The role of research in global food and nutrition security
Discussion details
Feeding the Planet, Energy for Life is the theme of the 99th World Expo in Milan in 2015. To elaborate this theme the EU established a scientific steering committee to advise on the challenges of global food and nutrition security. The Expo 2015 EU Scientific Steering Committee, established to provide expert advice on the Expo’s theme, has produced this discussion paper to launch a debate, to foster cross-disciplinary exchange, define research questions, and identify the EU’s role in addressing global food and nutrition security.There is unlikely to be any single or easy solution to tackle food and nutrition security fully and many of the challenges of ensuring global food and nutrition security cannot be adequately addressed without the participation of the research community.
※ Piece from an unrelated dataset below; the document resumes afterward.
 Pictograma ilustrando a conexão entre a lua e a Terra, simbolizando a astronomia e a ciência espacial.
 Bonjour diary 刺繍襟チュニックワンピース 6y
The EU has excellent intellectual resources which can be brought to bear to mitigate the growing risks of global food and nutrition insecurity, with the desired outcomes of improving economic growth, public health and the environment. To address these broad challenges both new knowledge and enhanced movement of knowledge into use is needed. The committee has identified research challenges across seven broad themes and these are discussed in detail in the paper, along with many specific examples of the associated research questions. There are a number of cross-cutting structural issues to enhance the utility of knowledge-generation within the EU that are interlinked to make a “virtuous spiral”. Indeed, initially, strategic analysis of the future (“foresighting”) should set the research needs via a systems approach. Research undertaken, by Member States, by the EU and globally, can then generate interdisciplinary knowledge to address the needs of the “multiple bottom lines” for economic, public and environmental “health”. The research effort across different countries also needs aligning to ensure its complementarity. The knowledge generated then needs to be utilised to create technological and social innovation (including via education). Innovation then creates, in turn, social and economic change. This, coupled with global development and environmental change over time, then requires the forecasting to be updated.